Start of RECORDS FOR THE EXERCISE
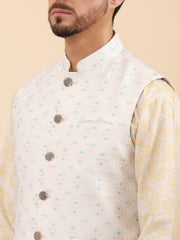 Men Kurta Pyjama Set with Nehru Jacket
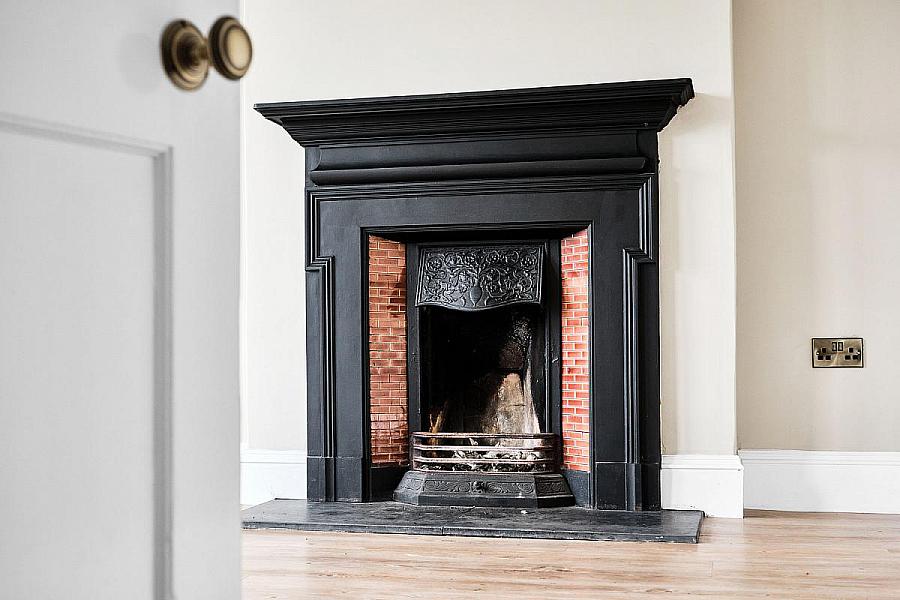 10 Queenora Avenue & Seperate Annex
End of RECORDS FOR THE EXERCISE
Start of RECORDS FOR THE EXERCISE
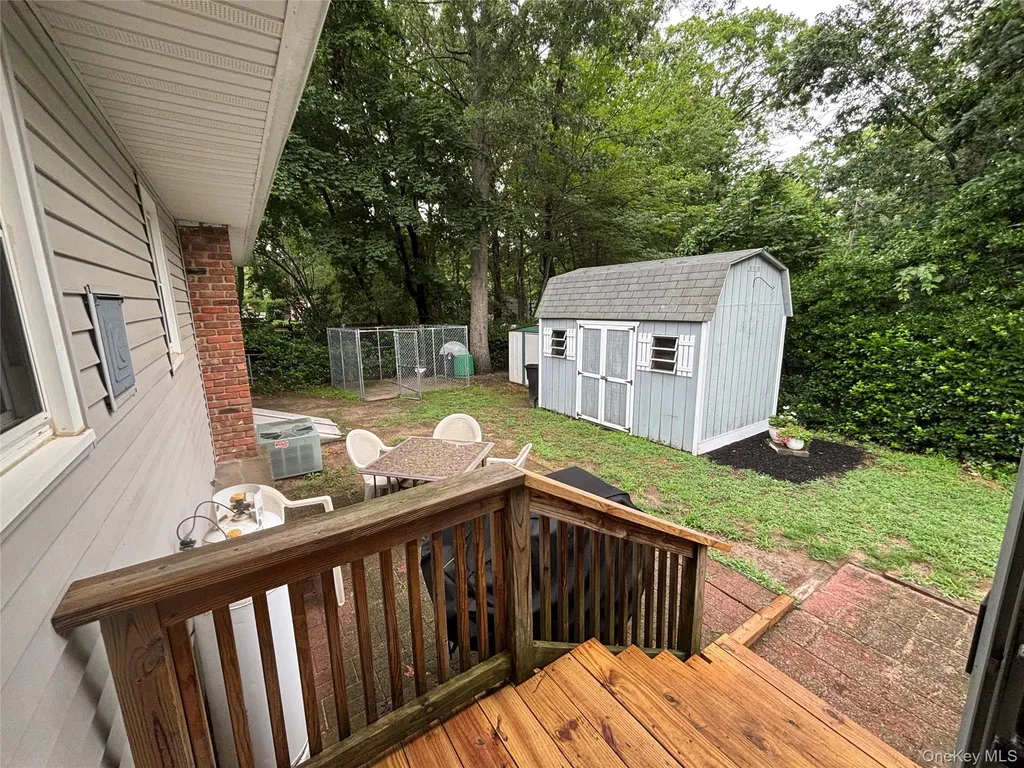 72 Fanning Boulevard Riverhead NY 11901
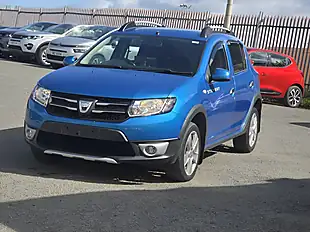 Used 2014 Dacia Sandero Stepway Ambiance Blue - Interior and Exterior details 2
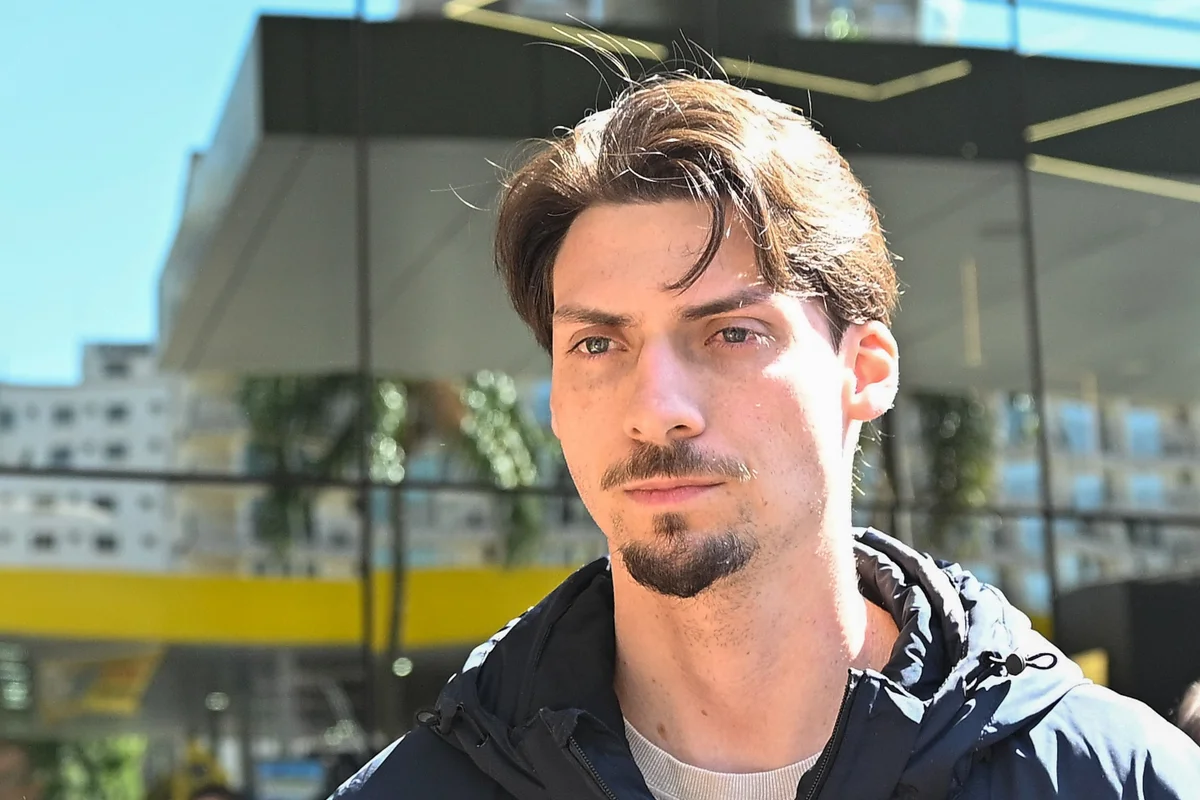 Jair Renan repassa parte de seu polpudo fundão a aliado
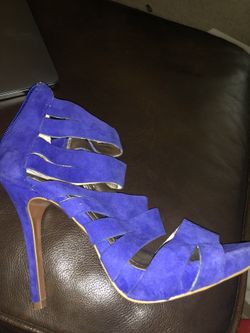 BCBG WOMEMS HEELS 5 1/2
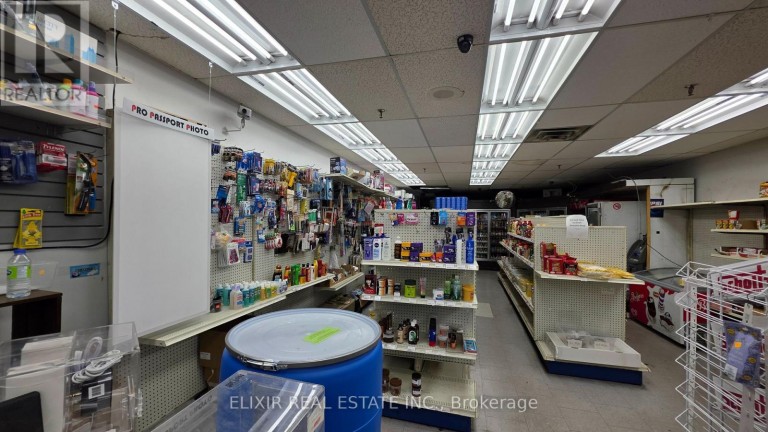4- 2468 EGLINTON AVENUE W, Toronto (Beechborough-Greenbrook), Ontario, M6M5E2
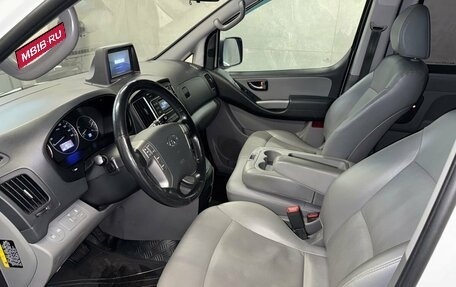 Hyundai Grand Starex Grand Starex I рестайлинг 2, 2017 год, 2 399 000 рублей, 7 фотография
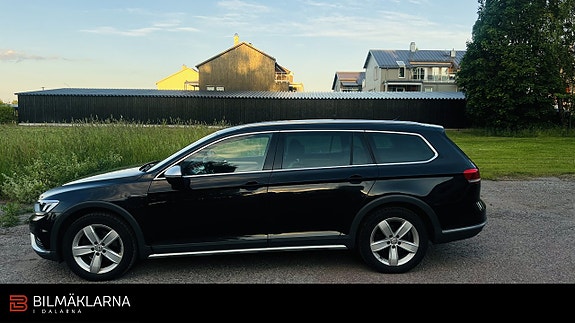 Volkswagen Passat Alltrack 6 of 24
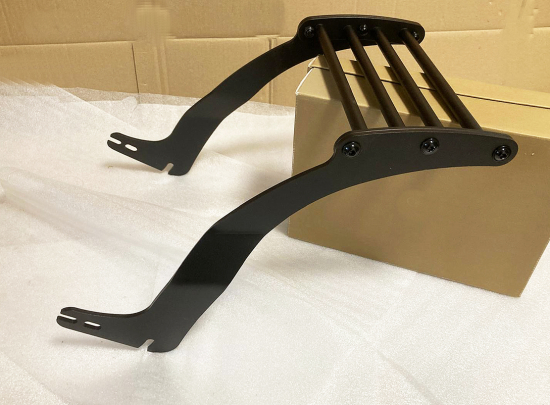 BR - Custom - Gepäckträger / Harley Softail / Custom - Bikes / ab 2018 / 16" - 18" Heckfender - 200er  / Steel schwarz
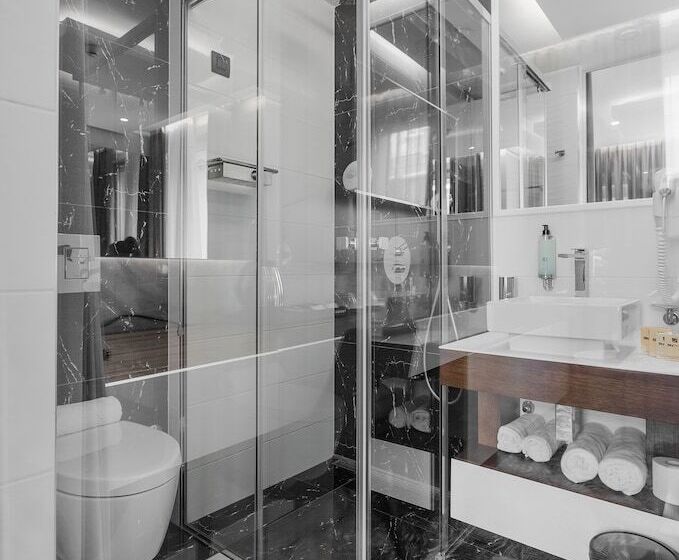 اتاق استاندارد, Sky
End of RECORDS FOR THE EXERCISE
Start of RECORDS FOR THE EXERCISE
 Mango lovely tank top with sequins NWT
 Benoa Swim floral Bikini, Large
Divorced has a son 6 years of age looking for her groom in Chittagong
End of RECORDS FOR THE EXERCISE
- **TASK TO COMPLETE**: Could you set down, word for word, only the lines above from the line with "Mango lovely tank top with sequins NWT" to the line with "Divorced has a", including both?

- **TASK RESULT**:
 Mango lovely tank top with sequins NWT
 Benoa Swim floral Bikini, Large
Divorced has a son 6 years of age looking for her groom in Chittagong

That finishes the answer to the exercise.